SANDERS Theater. Originally, it was built as a memorial to the brave sons of Harvard who gave their lives in the World Wars. Unfortunately, of late, it has come to represent something far more trivial: the Core Curriculum. No longer a haven for heroes, it is now home to "Ec 10," "Justice," "Jesus and the Moral Life," and the newest addition, "Cultural Revolution."

As the Core celebrates its 10th anniversary, there has been a great deal of Administration back-patting. Unfortunately, they have failed to fully consider student opinions of the Core Program.

While most students would agree that the Core is basically an acceptable approach to liberal education, the overwhelming majority are quick to point out its logistical flaws, namely the massive class sizes and the limited course selection.

Susan Lewis, Director of the Core Curriculm, has been consistently unavailable for comment and has refused to give Core enrollment figures. But, Lewis did address the issue last week in the Administration-produced Harvard Gazette.
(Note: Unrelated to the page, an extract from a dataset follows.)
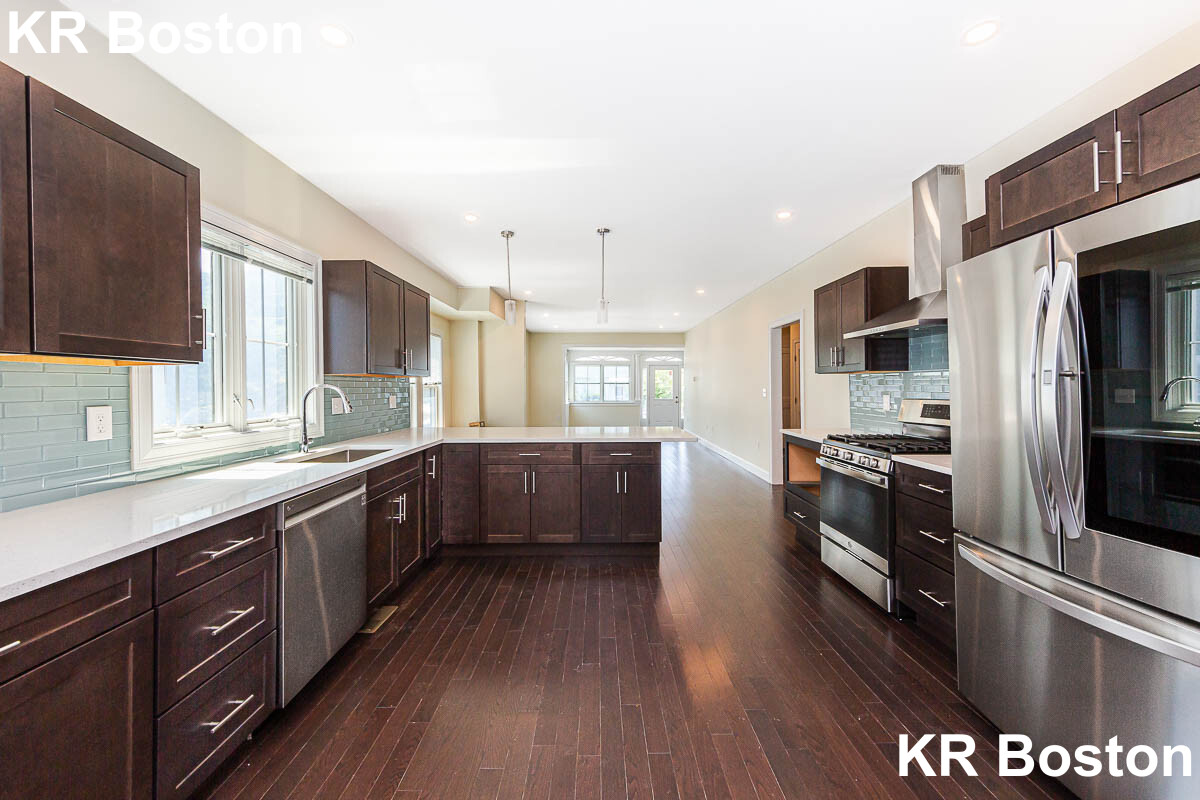 120 Jerome St, Medford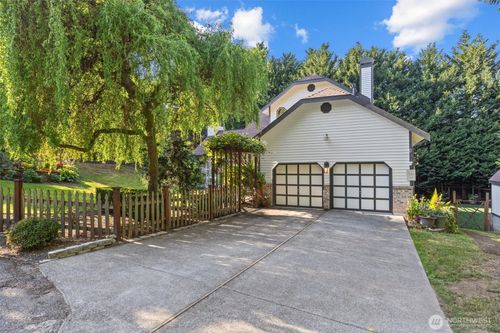 2119 242nd St Sw, Bothell, WA, 98021-9255 | Card Image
She claimed that the Core offered many small courses, pointing to 26 courses with enrollment of less than 60 students.

While 60 people will never constitute an intimate atmosphere, this reporter found that of those 26 courses (based on a CUE guide listings of class size), 15 required a foreign language (Foreign Cultures), A.P. physics or chemistry (Science A), or enrollment fees for art supplies (Literature & Arts B).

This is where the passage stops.